Les porte-paroles de la Manif pour tous ont été reçus, lundi 28 avril, par Laurence Rossignol, la nouvelle secrétaire d'Etat à la Famille. Dans un communiqué officiel, ils dénoncent notamment le statut du beau-parent. Par ailleurs, une autre proposition de loi devrait être prochainement déposée sur l'adoption des enfants. Un texte sur l'accès aux origines est également "en réflexion", selon Erwann Binet. A ce propos, Ludovine de la Rochère, une des figures de proue de la Manif pour tous, a déclaré : "On n’en a donc pas fini avec la volonté de réforme de la civilisation, on reste très mobilisés." 

4 La loi sur la décentralisation

- Quand ? Le projet de la décentralisation sera présenté en Conseil des ministres le 14 mai, pour une première lecture au Sénat en juin.

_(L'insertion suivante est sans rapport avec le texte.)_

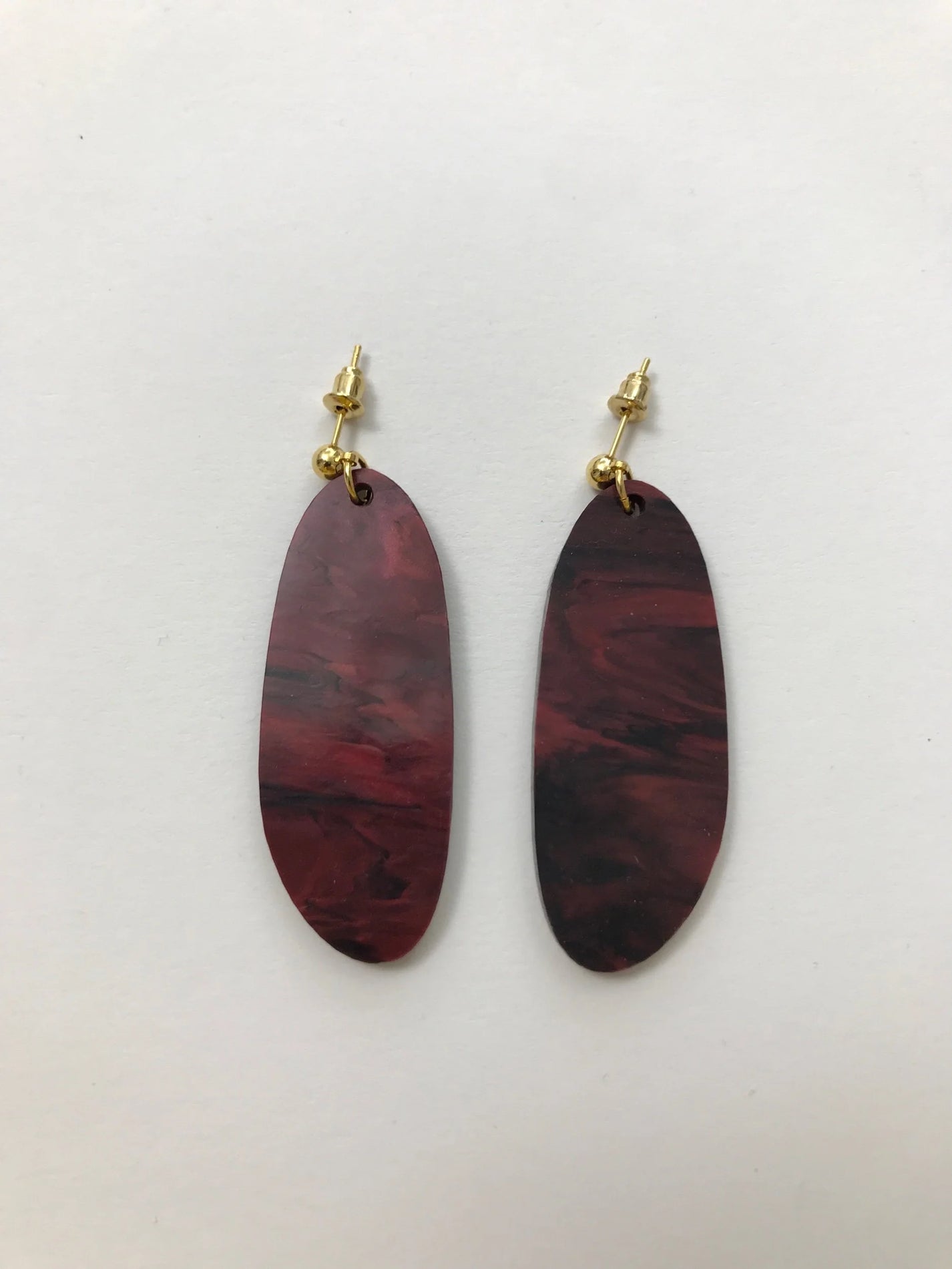 CURA Jewellery / Large pebble earrings, Red Tiger Eye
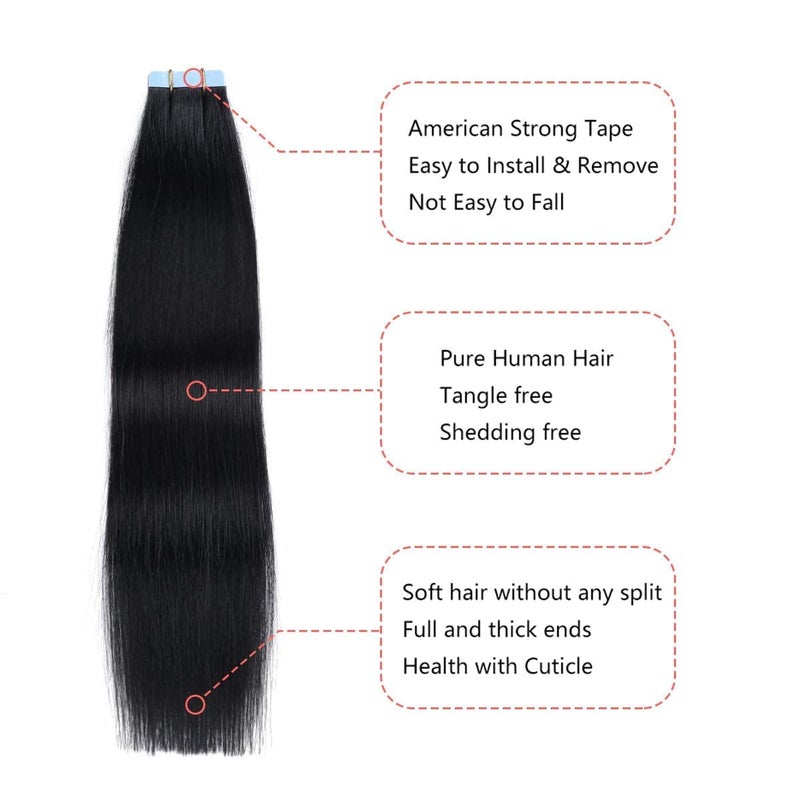 YILITE Tape in Human Hair Extensions 22 inches 20pcs 50g Silky Straight Human Hair Extensions Tape in Jet Black Color Hair Extensions - Image 2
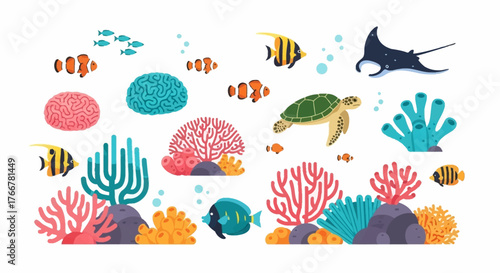 Underwater scene with various colorful coral reef inhabitants including fish, sea turtle, and manta ray, set against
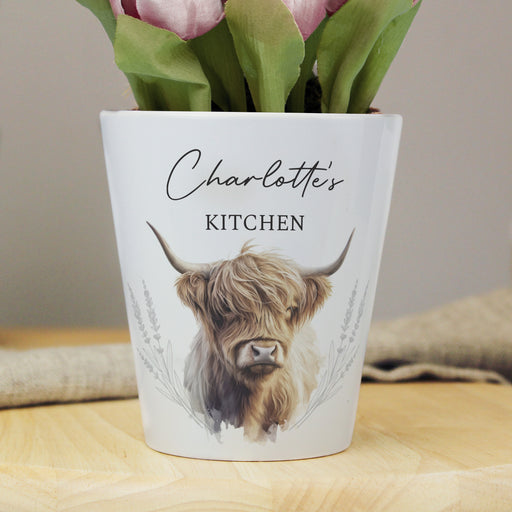 Personalised Highland Cow Ceramic Plant Pot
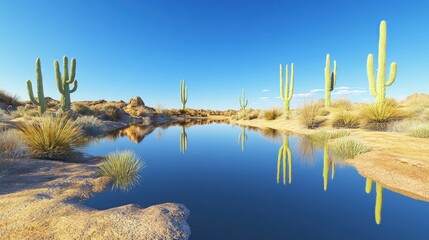 Serene desert oasis with saguaro cacti reflecting in calm water under a clear blue sky on a sunny day in arizona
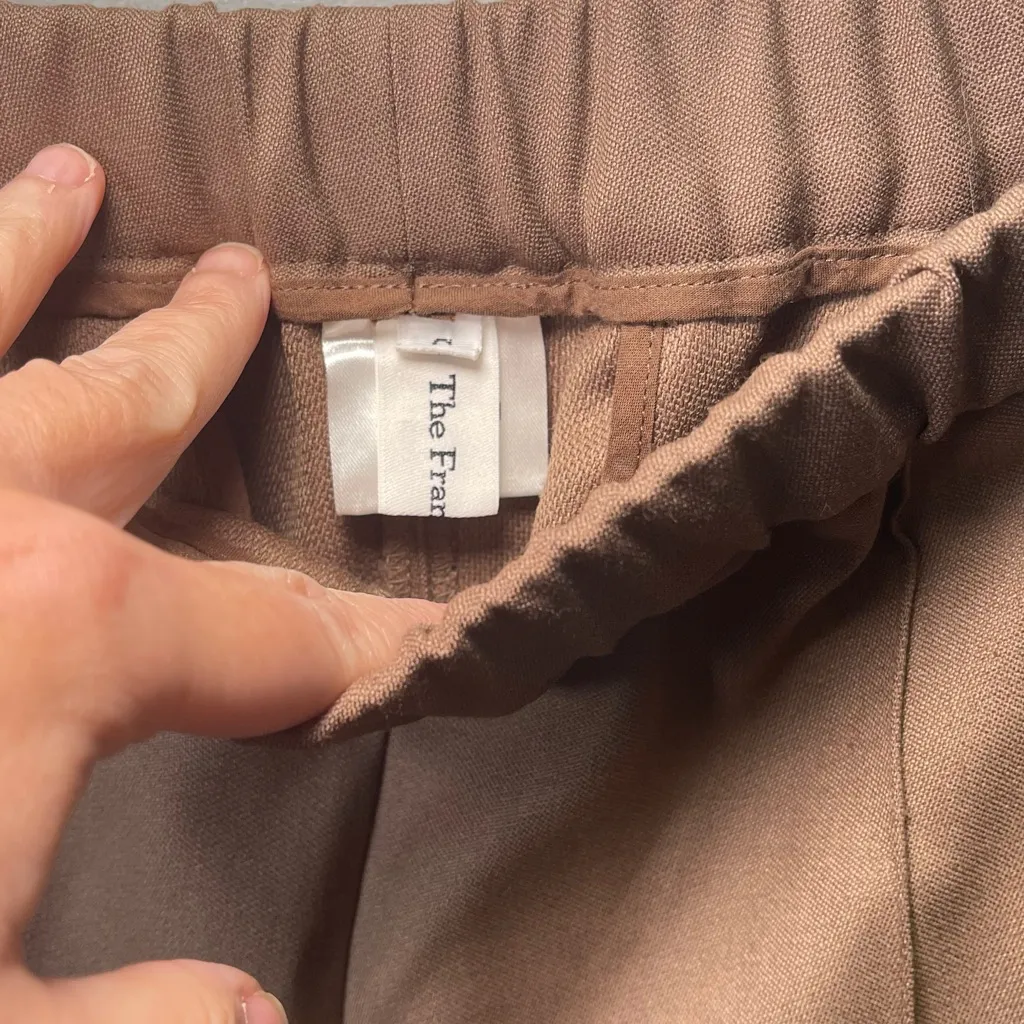 The Frankie Shop Women's Brown Pull On Wool Jogger Pants Office Work Size Small - Image 3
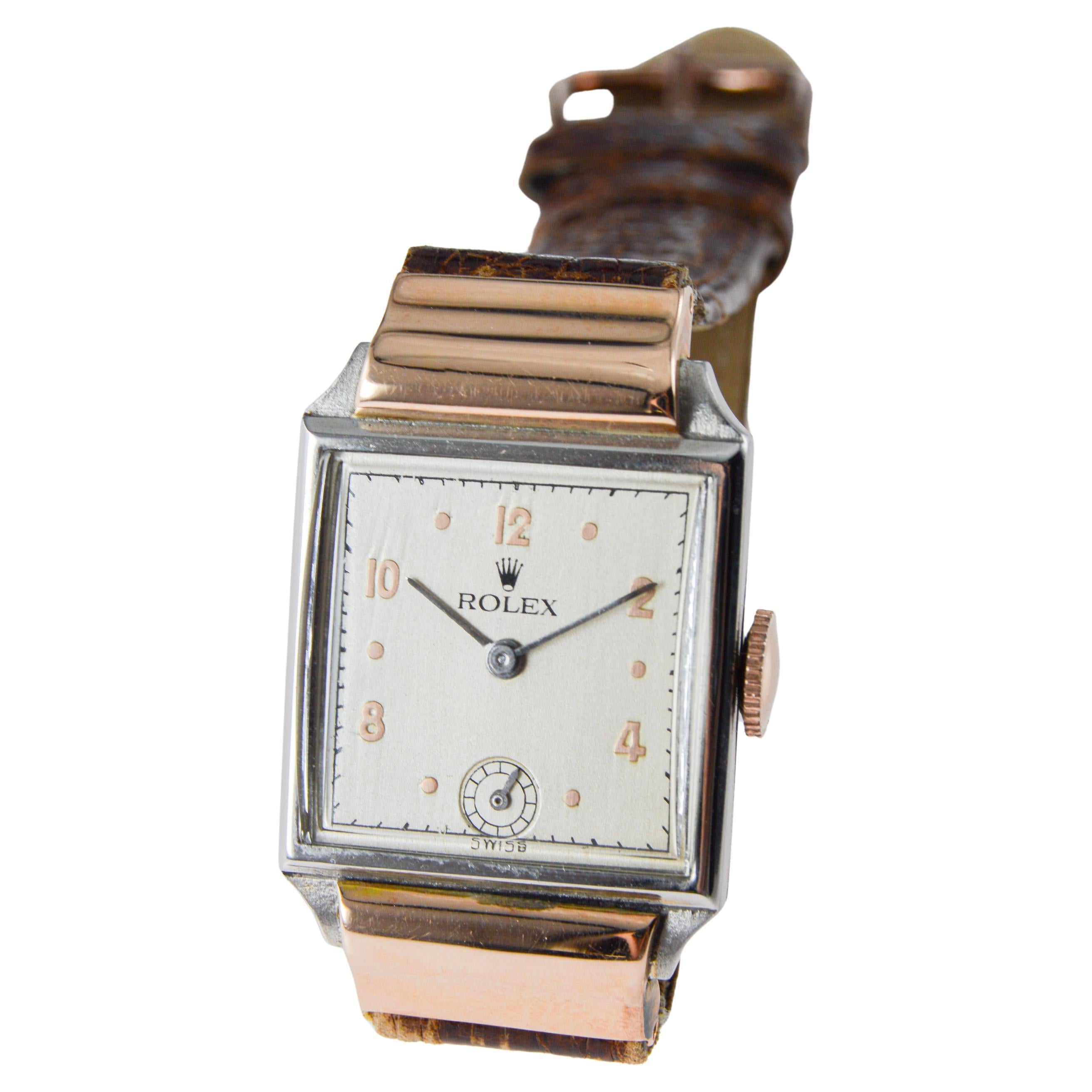 Reloj de vestir Rolex de dos tonos de oro rosa y acero inoxidable, circa años 30 en venta 7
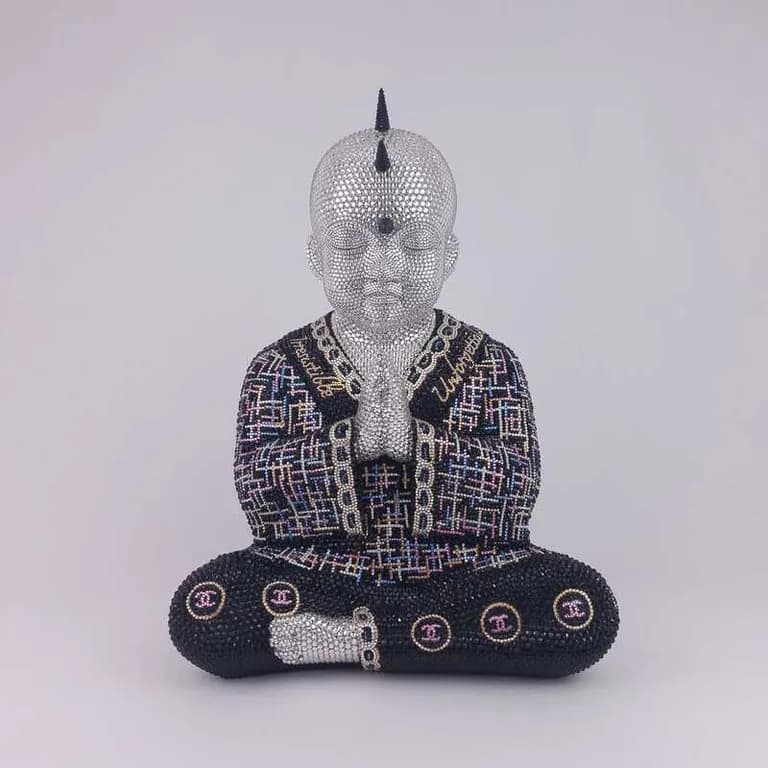 Metis Atash, Irresistible Unforgettable, Chanel, 2025, Fiberglass, Acrylic Paint, 40,000 Swarovski Crystals, 17.5 x 14 x 12 In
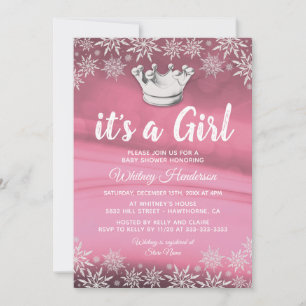 Convite Chuva de Bebê Princesinha Menina no Inverno Mágico
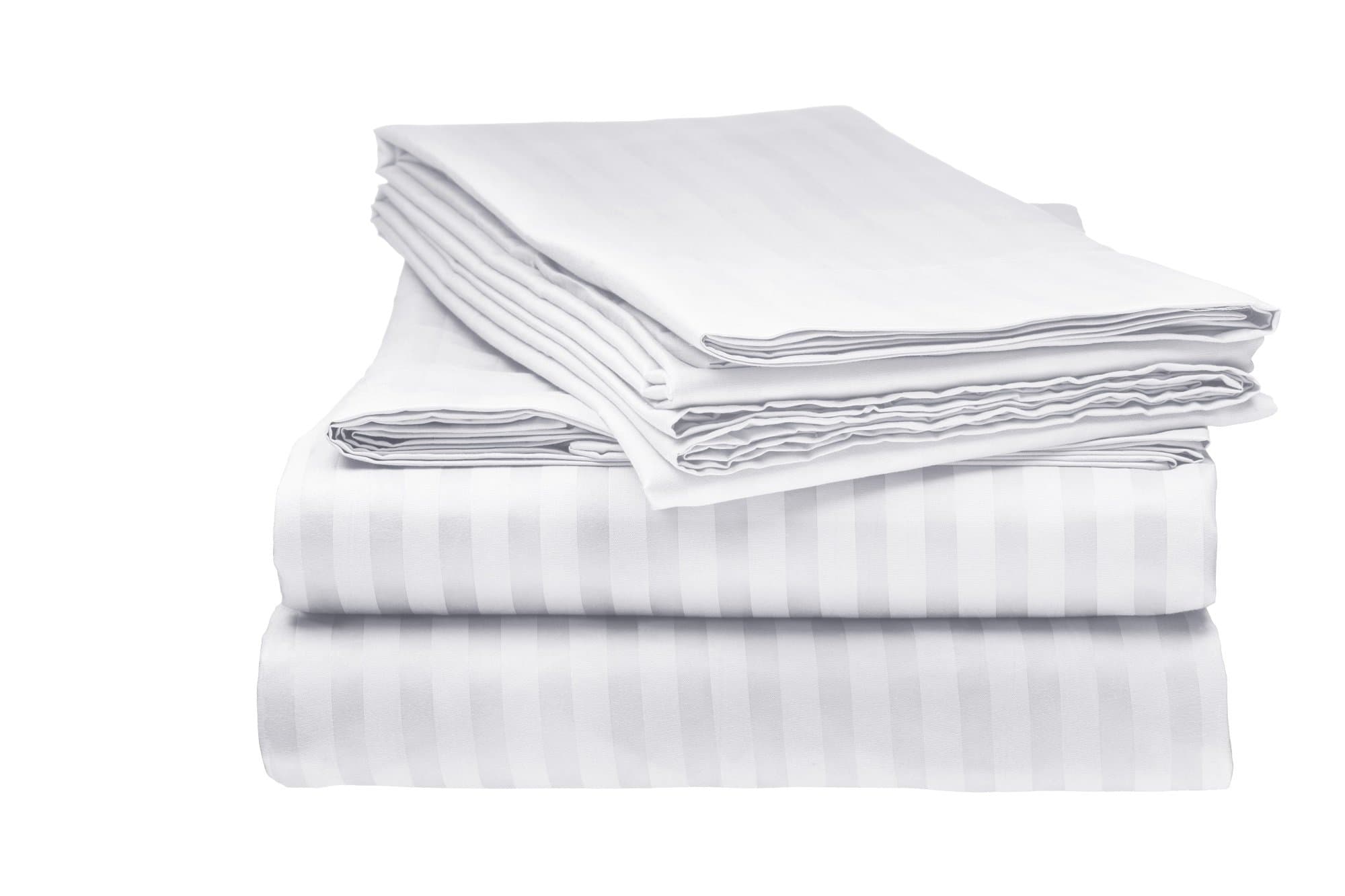 1500 Thread Count STRIPED 4PC QUEEN Sheet Set, WHITE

- De quoi ça parle ? Le projet de loi vise notamment à redéfinir les compétences entre les différents échelons administratifs : les départements, les régions et, à partir du 1er janvier 2015, les métropoles. Mais le texte prévoit surtout la simplification du regroupement de régions, dont le nombre doit passer de 22 à 11 d'ici à 2017.

- Qu'est-ce qui pourrait coincer ? Si on ne sait pas encore comment se positionneront les parlementaires, les dirigeants des exécutifs locaux se sont déjà exprimés. Certains y sont favorables sur le principe, comme Martin Malvy, président PS de la région Midi-Pyrénées, qui l'expliquait à France 3 Midi-Pyrénées. Mais les conditions de la mise en œuvre de ce projet risquent de poser problème. Le président PS de la région Lorraine, Jean-Pierre Masseret, pourtant favorable au départ au projet, a marqué sa vive opposition, comme le relate Libération, "J’ai pris connaissance du projet de loi adressé par le gouvernement au Conseil d’Etat. Je me dois de vous dire que ce qui est proposé est inacceptable politiquement et infaisable techniquement." 

Il dénonce notamment le fait que les électeurs voteront aux élections régionales en 2015 sur la base des frontières actuelles, alors que les régions sont amenées à fusionner deux ans plus tard. Autre sujet d'inquiétude pour les élus : la perspective de la suppression des départements. Si la disparition des conseils généraux est prévue pour 2021, le projet de loi sur la décentralisation organise déjà le transfert des compétences des départements vers les métropoles. Jean-Yves Gouttebel, président PS du conseil général du Puy-de-Dôme et vice-président de l'Assemblée des départements, juge dans un communiqué que "la mission de solidarité et de proximité remplie par les conseils généraux est remise en cause". Il s'élève également "contre la méthode utilisée par le Premier ministre" et réclame "une réelle concertation".

5 Encore loin, mais à surveiller : la loi sur la transition énergétique

Ségolène Royal a annoncé vouloir présenter ce projet de loi plus rapidement que prévu. Il devrait être soumis à la commission de développement durable dans l'été, avant un examen au Parlement à l'automne. En attendant, la ministre de l'Ecologie doit rendre ses arbitrages. Sa décision concernant l'avenir de l'écotaxe sera notamment observée de près. La proposition de Ségolène Royal sur une vignette qui taxerait essentiellement les camions étrangers traversant le territoire français a déjà déclenché l'ire de certains parlementaires, comme le rapporte Le Monde.